- _Record extracts_:

################

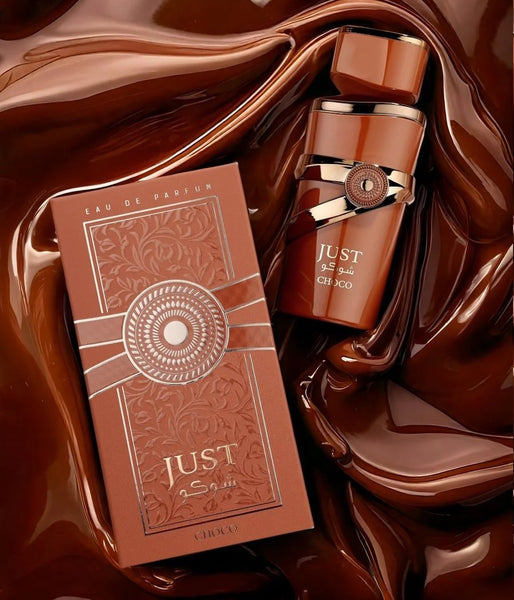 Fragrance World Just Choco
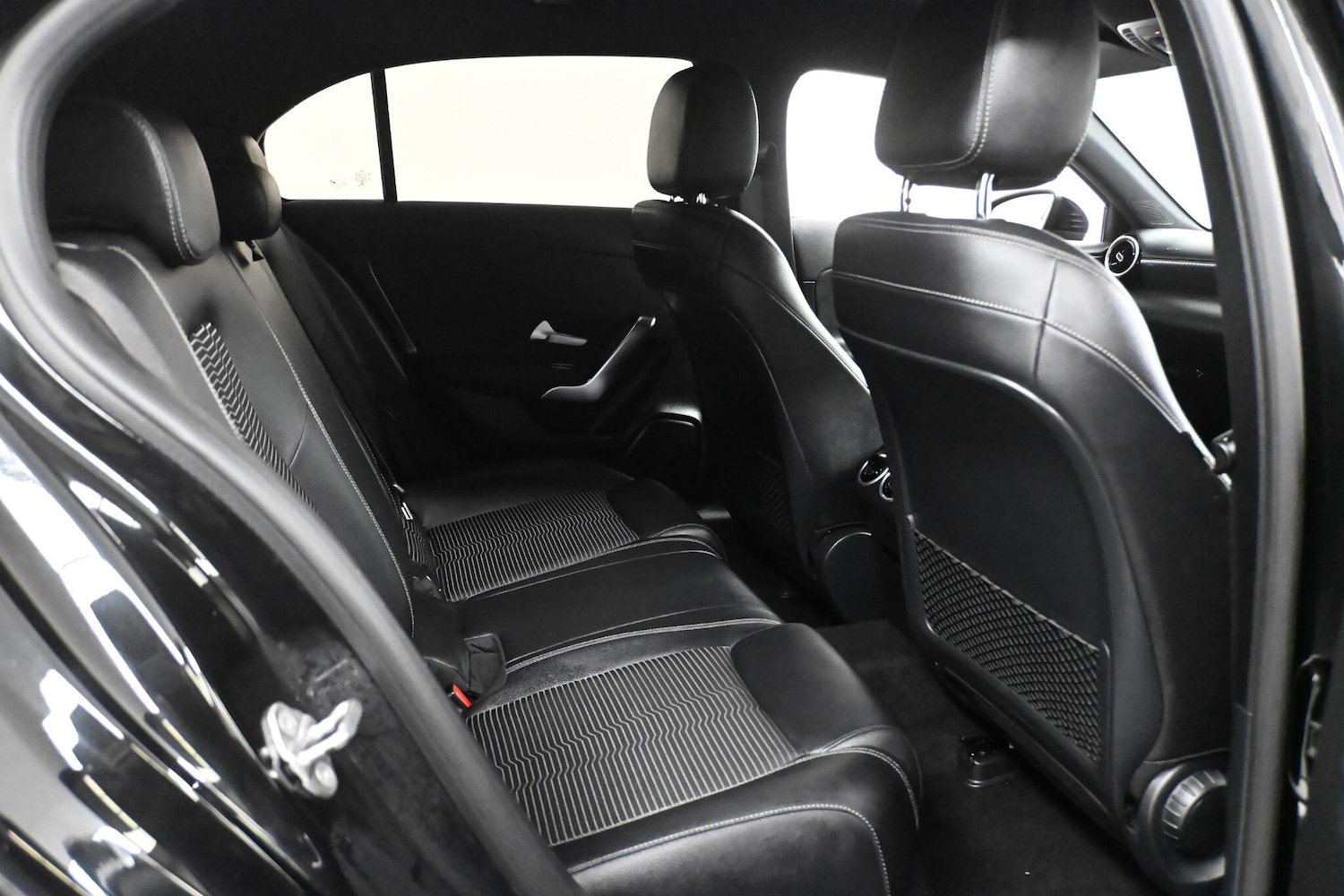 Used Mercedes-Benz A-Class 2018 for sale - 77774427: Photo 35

################

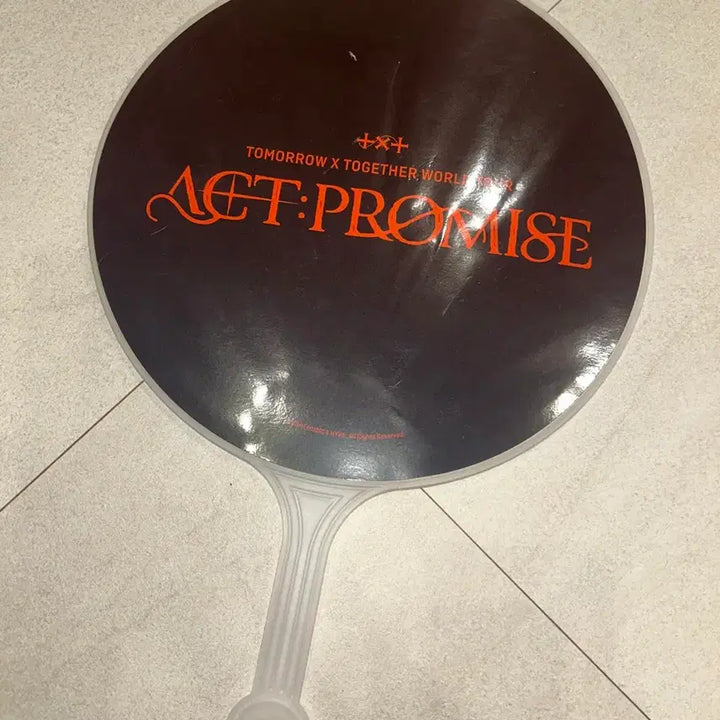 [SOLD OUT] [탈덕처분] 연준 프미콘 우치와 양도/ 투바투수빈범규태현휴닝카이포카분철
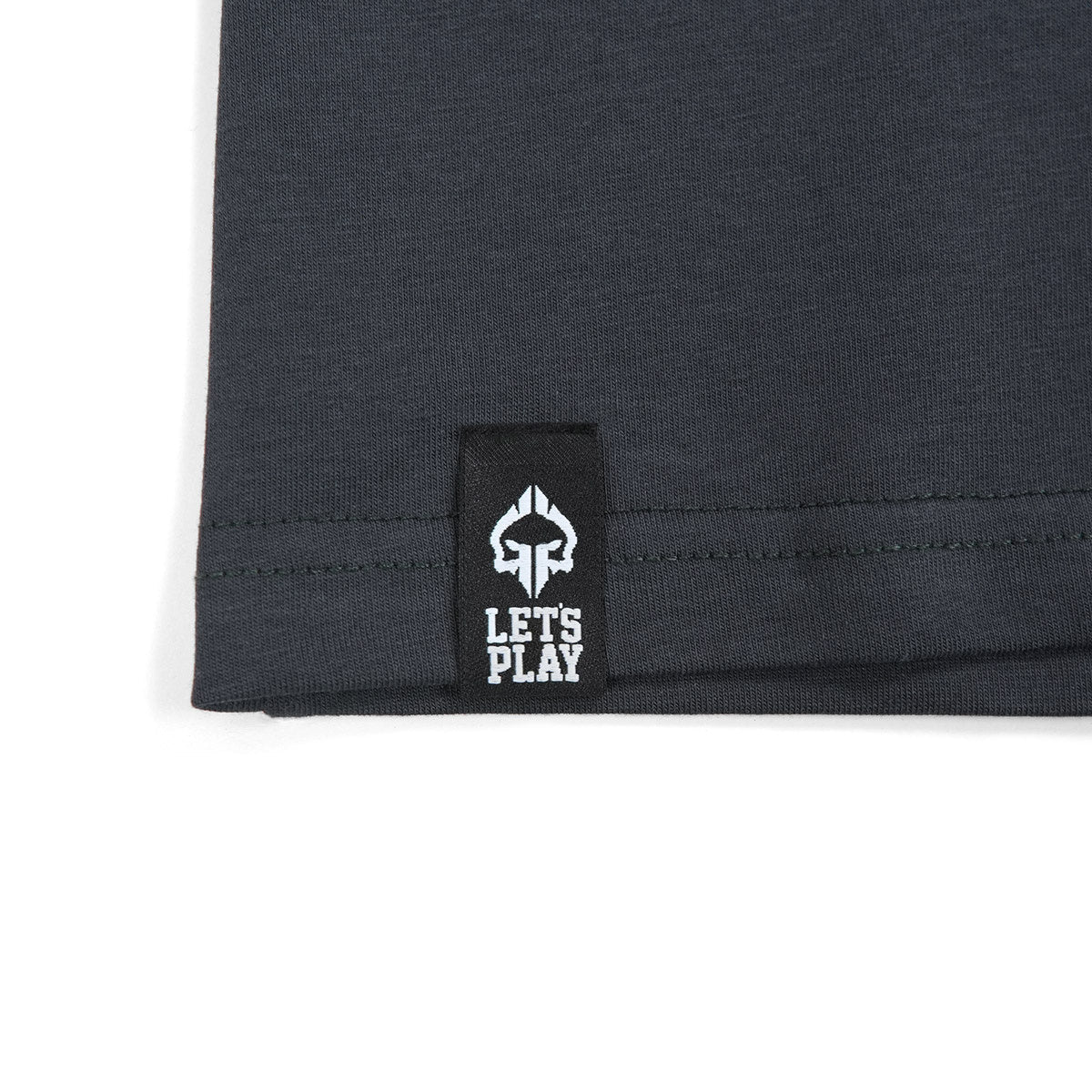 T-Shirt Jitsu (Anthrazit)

################

- _Work instruction_: From the records above, copy only the lines running from the line holding "[SOLD OUT] [탈덕처분]" through the line holding "T-Shirt Jitsu (Anthrazit)", with no pictures.

- _Written reply_:
 [SOLD OUT] [탈덕처분] 연준 프미콘 우치와 양도/ 투바투수빈범규태현휴닝카이포카분철
 T-Shirt Jitsu (Anthrazit)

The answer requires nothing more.